Arizona utilities have long enjoyed a cozy relationship with the state’s regulators. Few, if any, long-term plans have ever been rejected by the commission, said Amanda Ormond, a former director of the energy office at the Arizona commerce department who now operates a consulting firm.

But the relationship between regulators and the companies they oversee has come under greater scrutiny in the last year, after a former ACC member was indicted on federal bribery charges.

Former Commissioner Gary Pierce is alleged to have accepted $31,000 in bribes in exchange for approving a water utility’s rate increase. The charges came on the heels of questions about APS contributing to the campaigns of its preferred ACC candidates.

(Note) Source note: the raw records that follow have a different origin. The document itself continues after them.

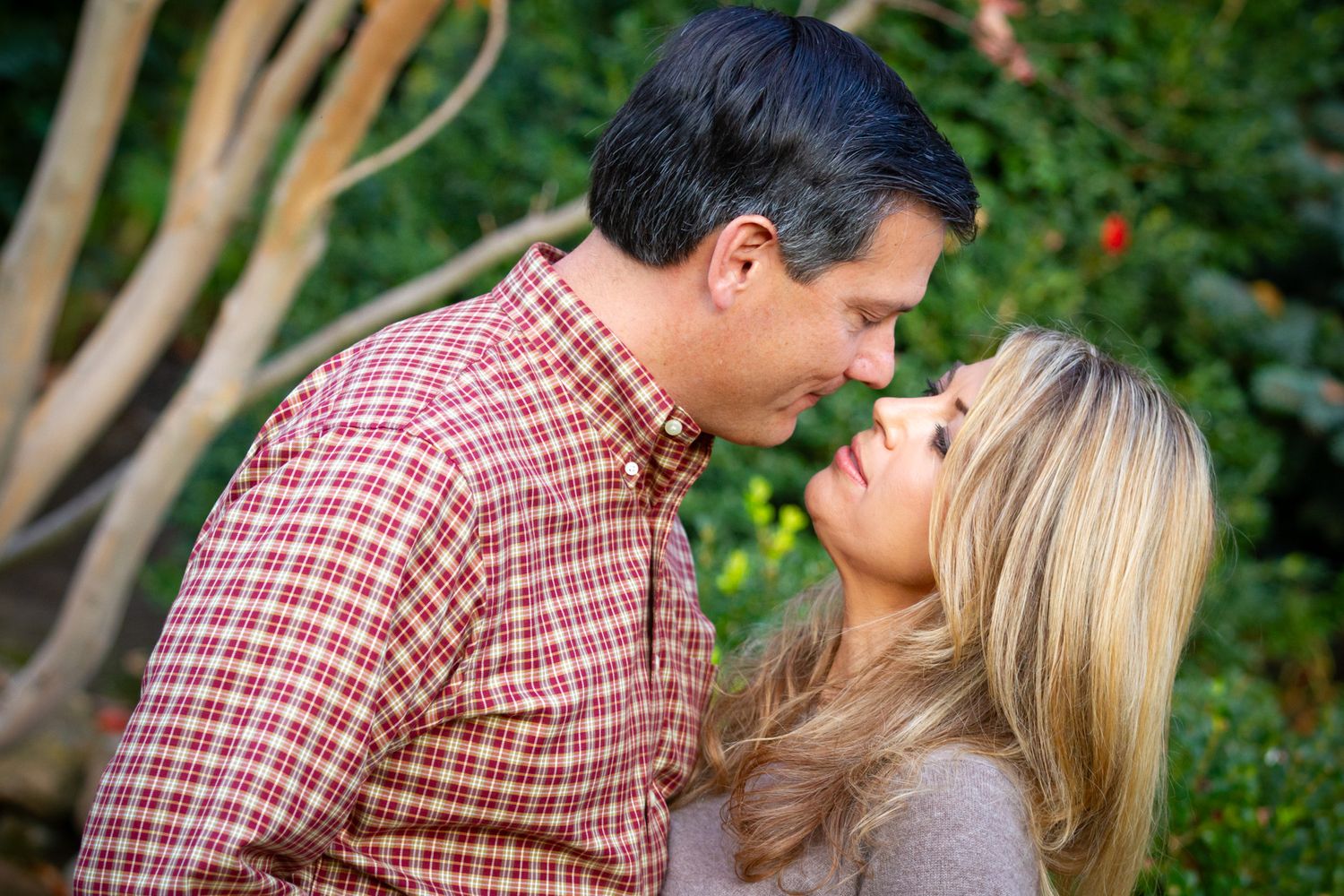 Intimate moment between couple sharing loving gaze outdoors in garden setting.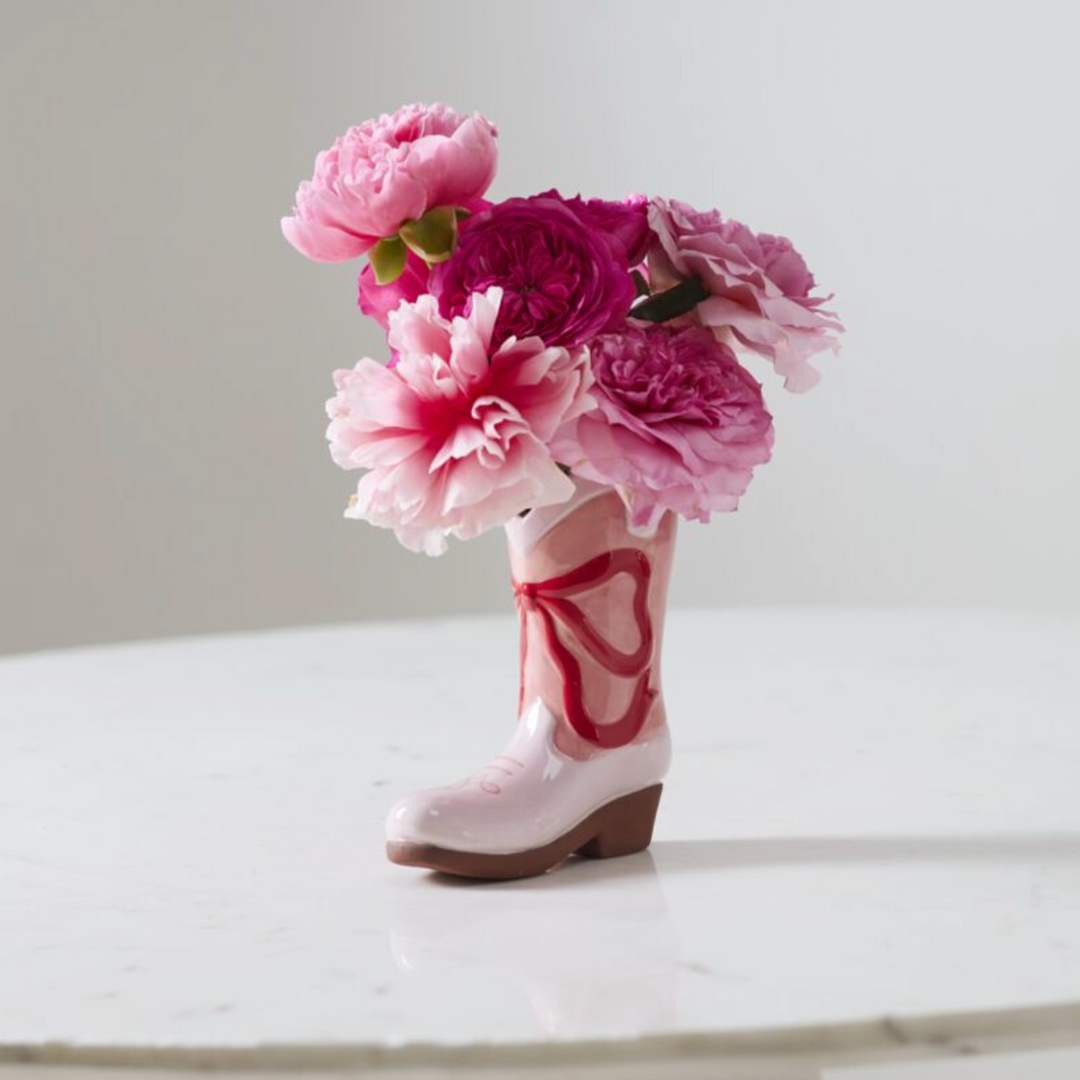 Pink cowboy boot with pink flowers on a white surface
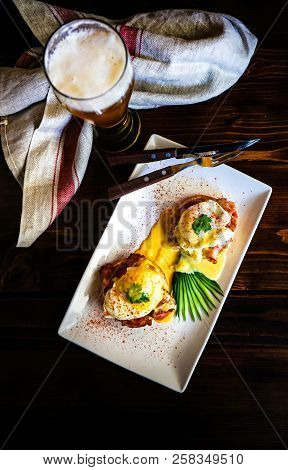 Rustic Lunch Set With Benedict Eggs And Cucumber Salad On Dark Wooden Table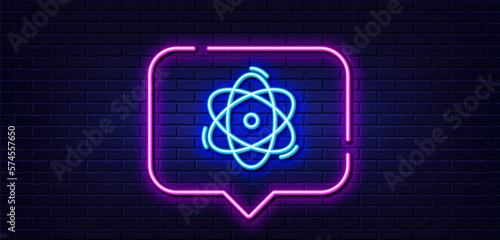 Neon light speech bubble. Atom line icon. Energy sign. Chemical element symbol. Neon light background. Atom glow line. Brick wall banner. Vector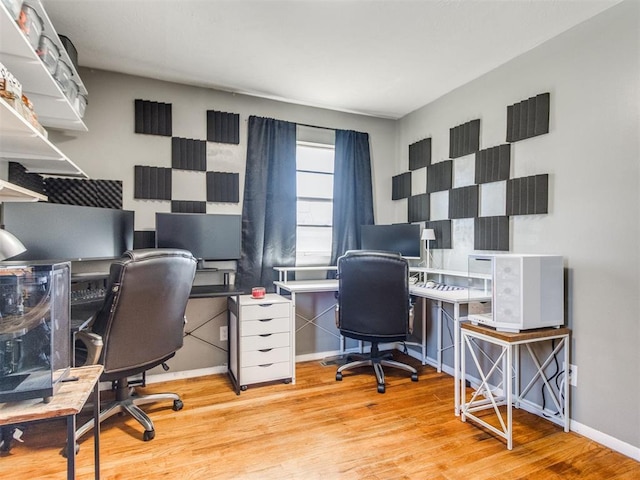 office space featuring light wood-type flooring and baseboards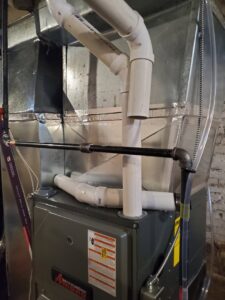 An Amana furnace installation with visible piping and ductwork by Service Legends in Des Moines, IA.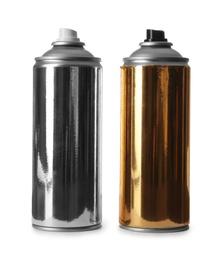 Photo of Cans of different spray paints on white background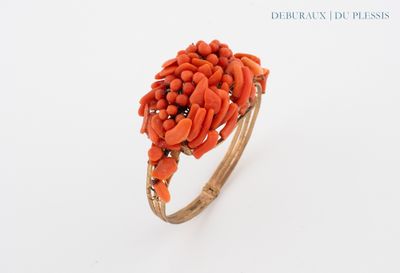 an image of a ring with orange coral stones on it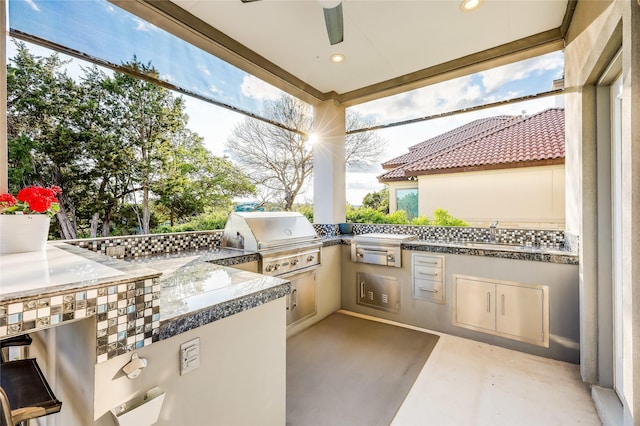 view of patio / terrace featuring sink, an outdoor kitchen, and grilling area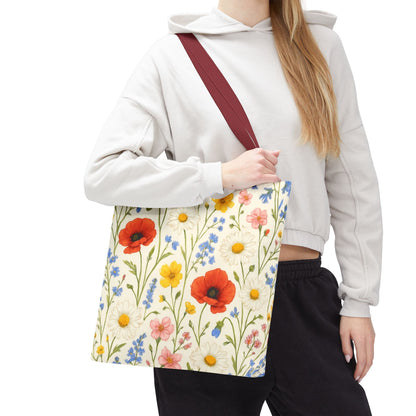 Wildflower Poppy print tote bag by Printify featuring a vibrant floral all-over pattern, made of durable fabric for everyday use.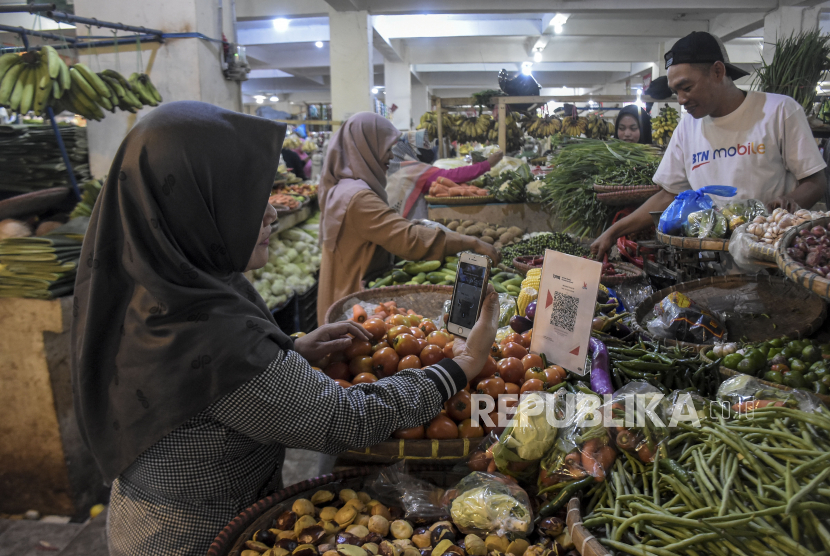 Warga melakukan pembayaran digital di Pasar Tagog Padalarang, Kabupaten Bandung Barat, Jawa Barat, Selasa (7/3/2023).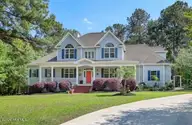 114 Killdeer Drive, Hampstead, NC 28443 — 4-bedroom waterfront home in Pelican Reef, Hampstead, NC, photo 1 of 57: 001_img_2642_8102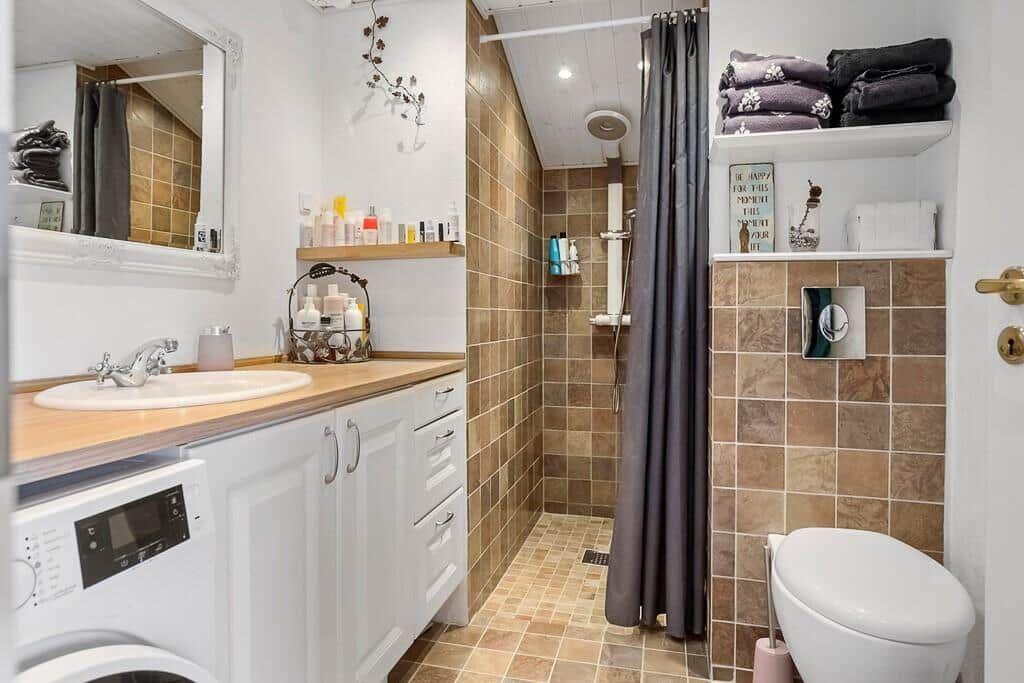 Bathroom with shower, sink, and toilet. Wooden countertop and tiles.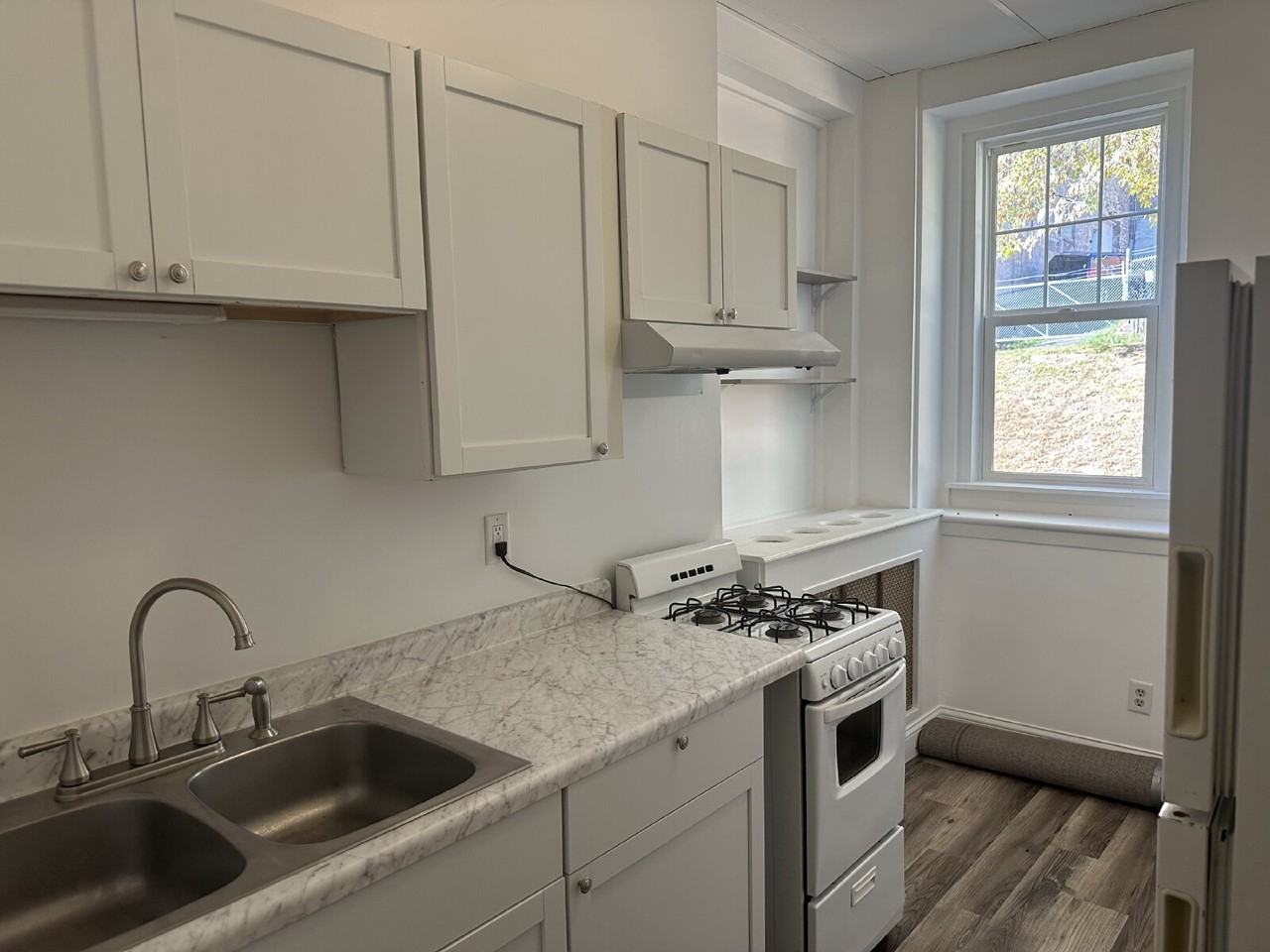 115 E 3rd St - Photo 7 of 8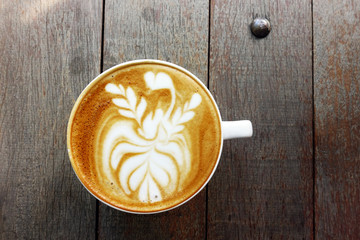 cup of latte art coffee on wooden background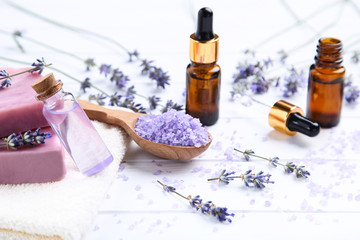 Wall Mural - Lavender flowers with oil in bottles, soap and salt on white wooden table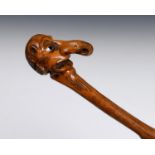 A 19th century folk art walking stick, the handle carved in the form of a grotesque figure, 89 cm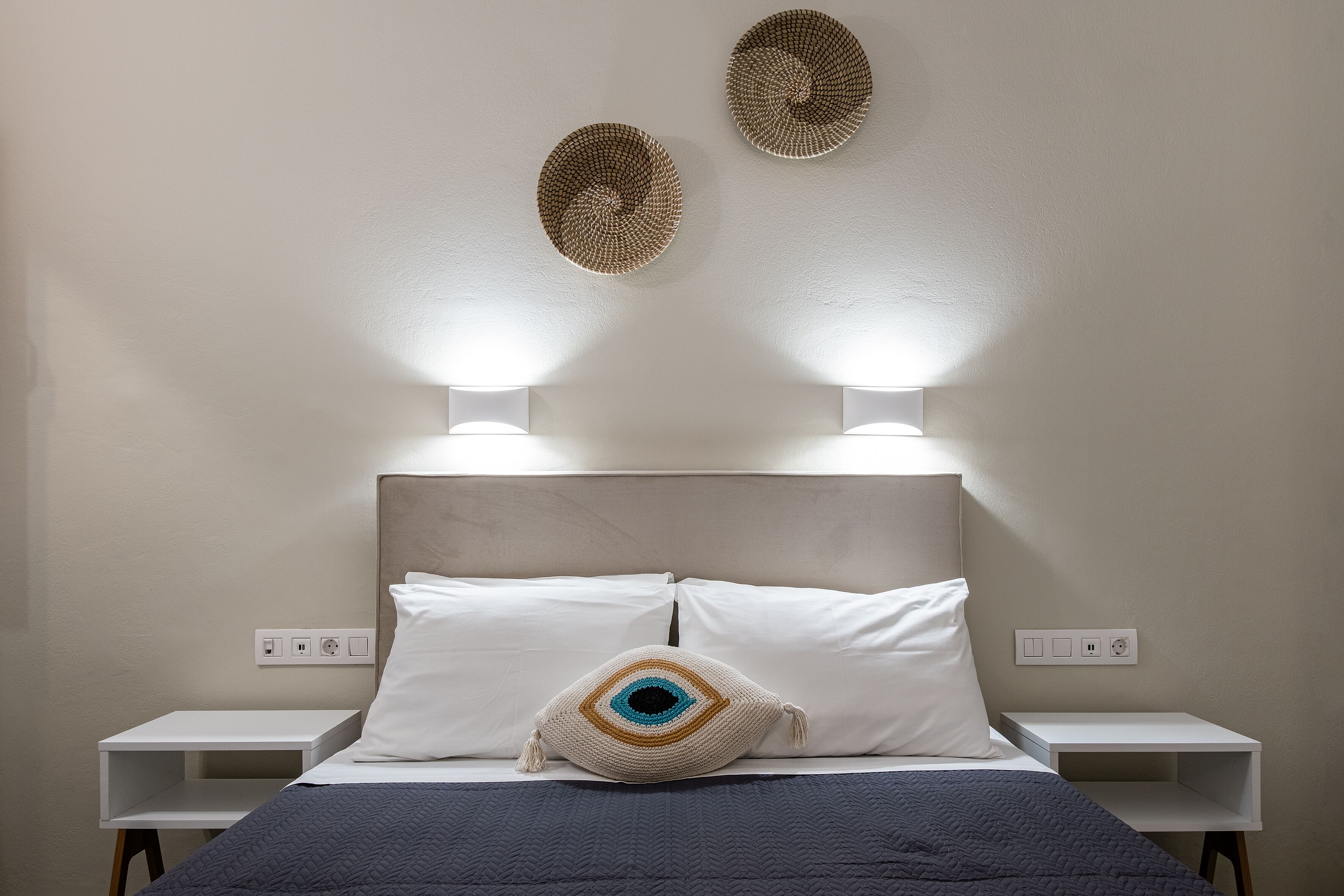 A neatly made bed with a dark quilt, two bedside tables, and wall-mounted lamps.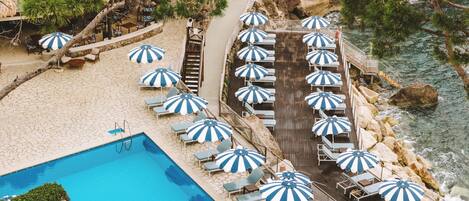 Zona de piscina con múltiples sombrillas, sillas de descanso y una escalera que baja a la playa.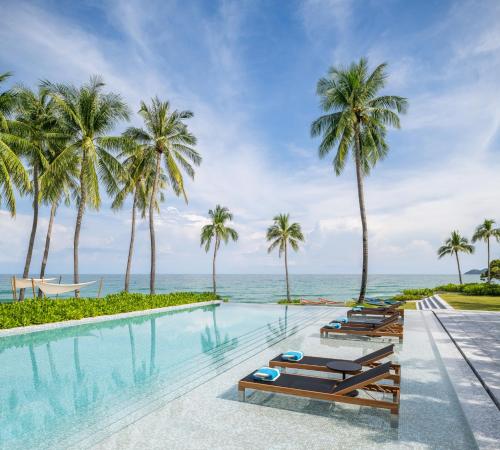 - une piscine avec des chaises longues et des palmiers dans l'établissement Centara Reserve Samui - SHA Plus, à Chaweng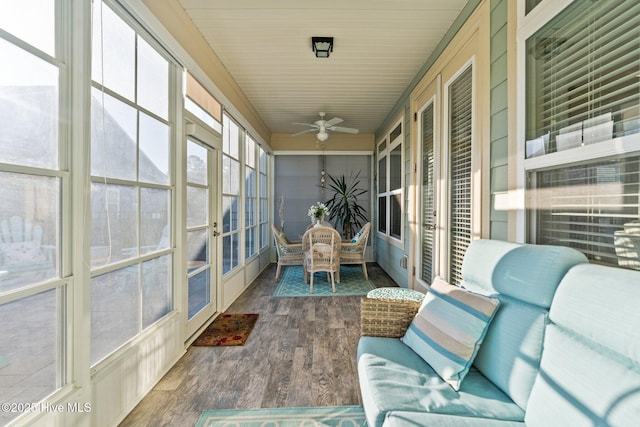 sunroom / solarium featuring french doors and a ceiling fan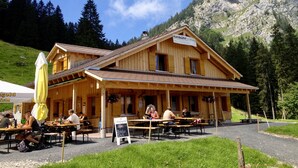 Un edificio in legno con un cartello che riporta la scritta "zumbühli holzbau" e una zona esterna con tavoli e sedie.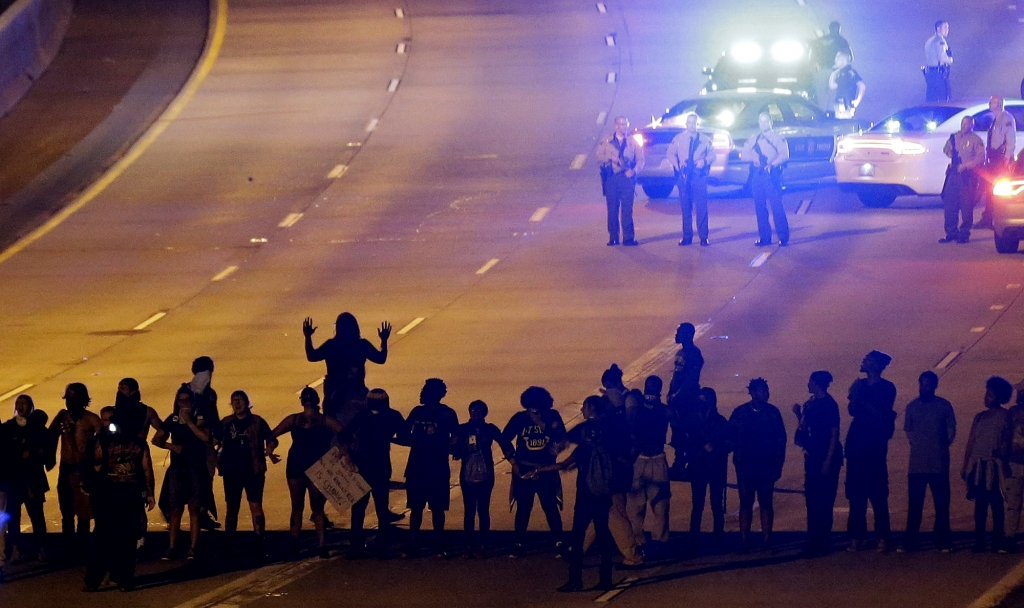 Protesters block I-277 during a third night of unrest following Tuesday's police shooting of Keith Lamont Scott in Charlotte N.C. Thursday Sept. 22 2016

The APS case represented something of a test for whether the commission would stand up to the power company, Ormond said. APS predicted steep demand growth despite the fact that electricity demand has been stagnant in recent years. It also heavily weighted its portfolio toward natural gas.

“I think if the plan had even somewhat more balanced, we wouldn’t have seen this outcome. But because it was all natural gas and no utility solar, the commission had no choice,” she said. “Utilities have a new bar they need to meet. They have to prove that putting more gas on the system is necessary and will provide value. That certainly wasn’t proven here.”